Following its most recent earnings call, Apple is now worth a trillion dollars. A former creative director of the company believes its recent history has been too “vanilla”, but is vanilla, in fact, effective?

Last week, Apple, the maker of the iPhone and the first ever company to be worth a trillion-dollars, announced its quarterly results. On the back of iPhone sales, the company has managed to get its loyal customers to pay more than ever for a smartphone 10 years after having brought together the elements of this revolutionary technology.

The device in question. Image source: Apple

At the time of the iPhone X’s launch, I wondered whether Apple had finally reached the apex of its own desireability, and whether this new $1000 price tag ($1,300 in the UK) would finally warn its core consumers off.

Not so, it transpires. According to Tim Cook, speaking on an earnings call on Tuesday told investors that the company had sold 41.3 million iPhones in the last quarter. While this reflected a less-than 1% increase year on year, the key figure is the profit increase. The iPhone X’s high price tag had convinced its customers to pay an average of 20% more for its devices. Meanwhile, the company’s “other products” – read: accessories and HomePods – and its services also saw promising growth. 

The strength of the phone in driving profits is impressive – but what of its strategy? The day before the results were announced, Apple’s former Creative Director, Ken Segall, credited with building the following for the Jobs-era iteration of the brand, came out with criticism of the brand’s current marketing strategy.

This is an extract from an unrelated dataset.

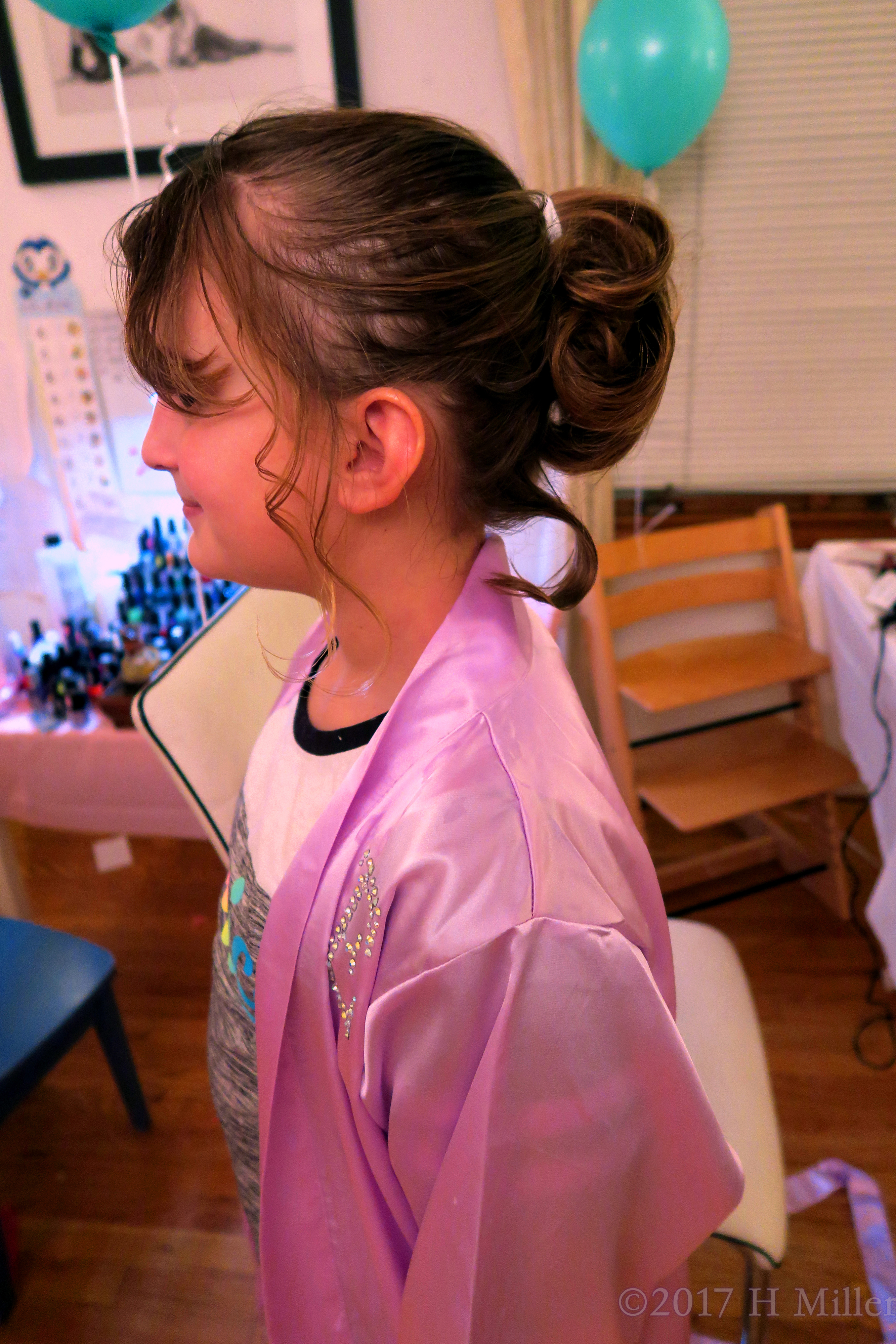 Short Pony Tail With Slight Front Curls, Her Kids Hairstyle Looks Perfect! Short Pony Tail With Slight Front Curls, Her Kids Hairstyle Looks Perfect!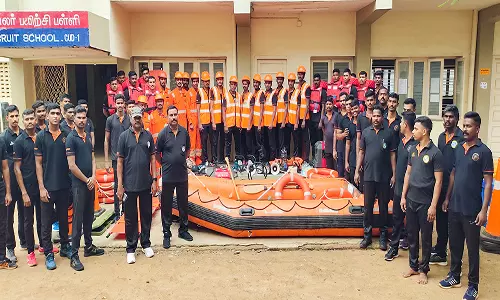 கன மழை எச்சரிக்கை: கடலூரில் தயார் நிலையில் மீட்பு படையினர்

Specifically, he warned of a failure to build a “personality for the phone, a thing that people might want to be part of”, because the competitive set has developed features equal to or more advanced than the iPhone’s. He has a point. The iPhone X needed a major innovation to mark the tenth anniversary of the original iPhone. So the company improved the camera, improved the software that powered it, loaded in a rocket-grade processor. It extended the screen to come as close as any mass-market phone to doing away with bezels completely. Without major innovations in features – the strategy to which the company’s current advertising adheres – Segal maintains that Apple has trouble down the line.

Read in the context of any other company, these are mere incremental changes and are unlikely to move markets. Huawei, for instance, brought out a near-bezel-less phone. Samsung increased its ratio of screen to body and outsells Apple. They haven’t come close to Apple’s iPhone, though, or its market capitalisation, for that matter.

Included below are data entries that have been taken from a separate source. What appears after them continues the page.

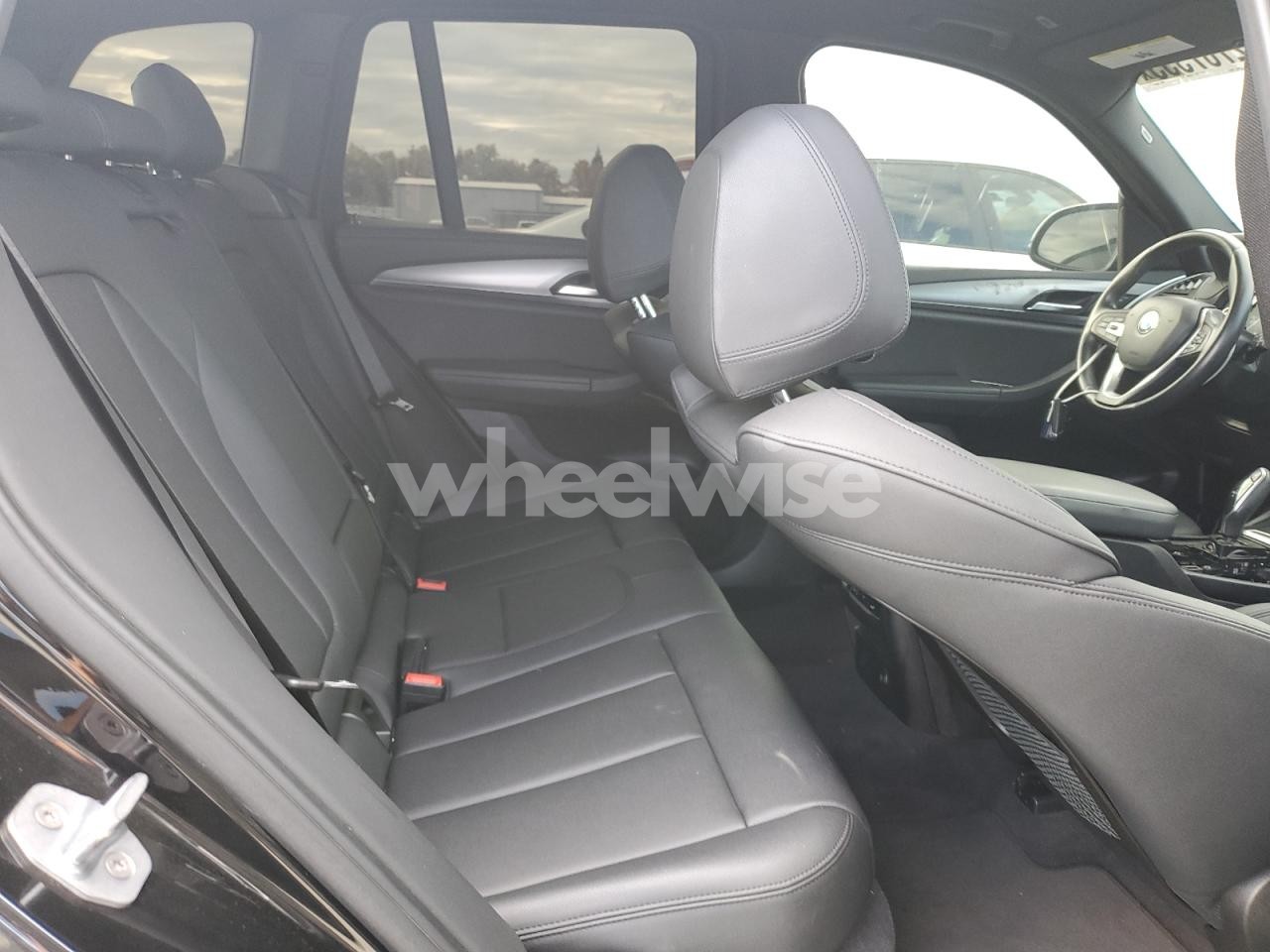 Photo 11 of 2018 BMW X3 XDRIVEM40I (VIN 5UXTS3C59J0Y98694)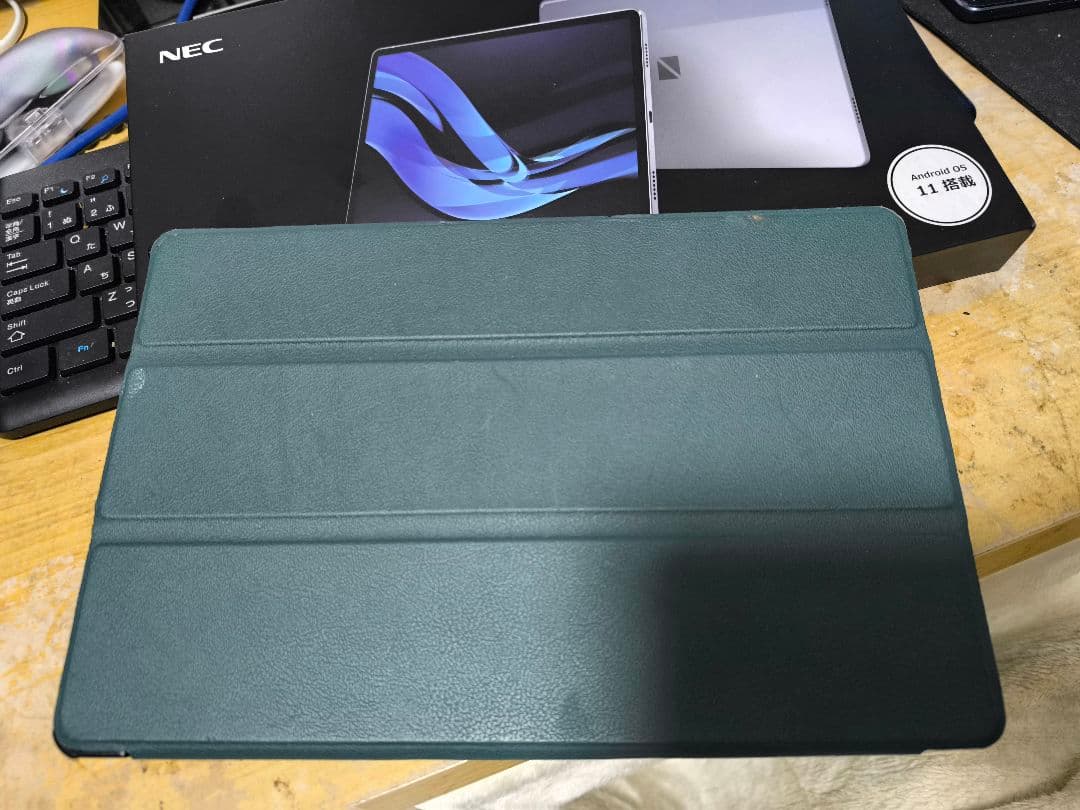 美品　NEC LAVIE T11 PC-T1195BAS　タブレット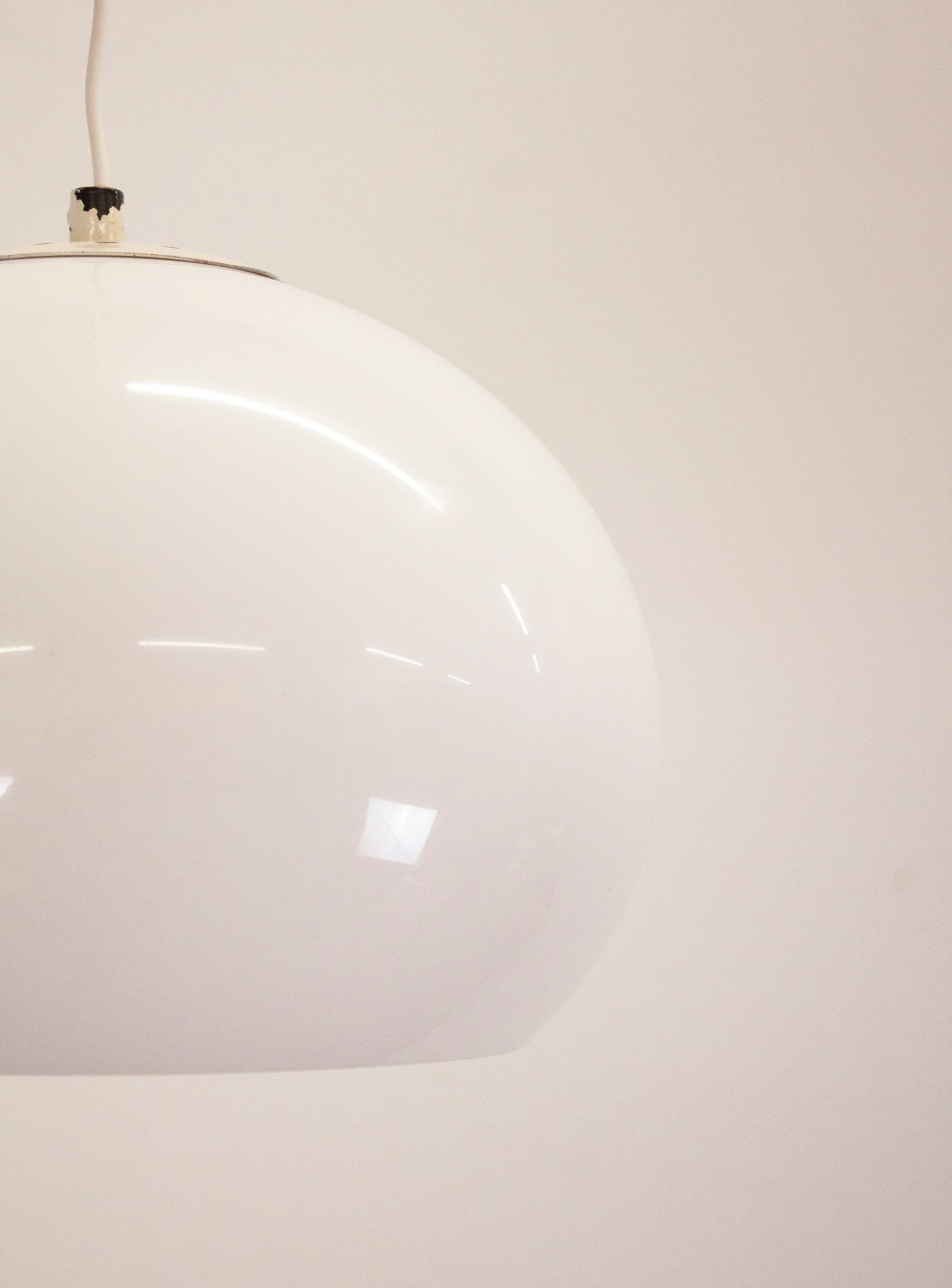 Mushroom Pendant Lamp (White)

Speaking to the Telegraph, he recalls how Steve Jobs, Apple’s mercurial former CEO, whose aegis arguably remains a major part of the company, wanted society to be involved with the brand on an emotional level. “Steve had in his head that if people had a deep, emotional connection to Apple, customers would not give it up even if it was shown to make a poor judgement in some part of the world or was found to be in violation of the law, like European taxes, for example.”

Without a major innovation in the iPhone X and a higher price point, has the company not tested its balance? The taxes that the EU told Apple to return to Ireland didn’t long stick in the public imagination and neither did the absurd price point of its latest phone. Steve Jobs, however, does loom large in the public imagination. There’s a Michael Fassbender film to prove it. The iPhone may not be the bestseller, but it’s still the “best phone you can buy right now” by many people’s estimations. Both are present, both are visible in the culture.

“As a marketer I look at that and can see the difference between Steve being there - and not being there - very clearly.” Jobs was a unique leader at a pivotal moment for the company; his core quality, Segall says, was decisiveness. His criticism, then, of Cook is the fact that he follows the advice of those around him, people that appear to Segall “a little vanilla.”

Segall’s position arises from marketing’s traditional duty, one in which the ideas of one department are enhanced with the idea of another, which then sell them. Vanillaness in an organisation can lead to bland decisions, safe decisions – wrong decisions in the long-term as people look after their jobs in the short-term. Alternatively, the best decision might be to continue with the strategy that has continued to deliver: create beautiful products, make them enviable, clean, and easy. Sure, it’s vanilla, but vanilla – it transpires, is effective.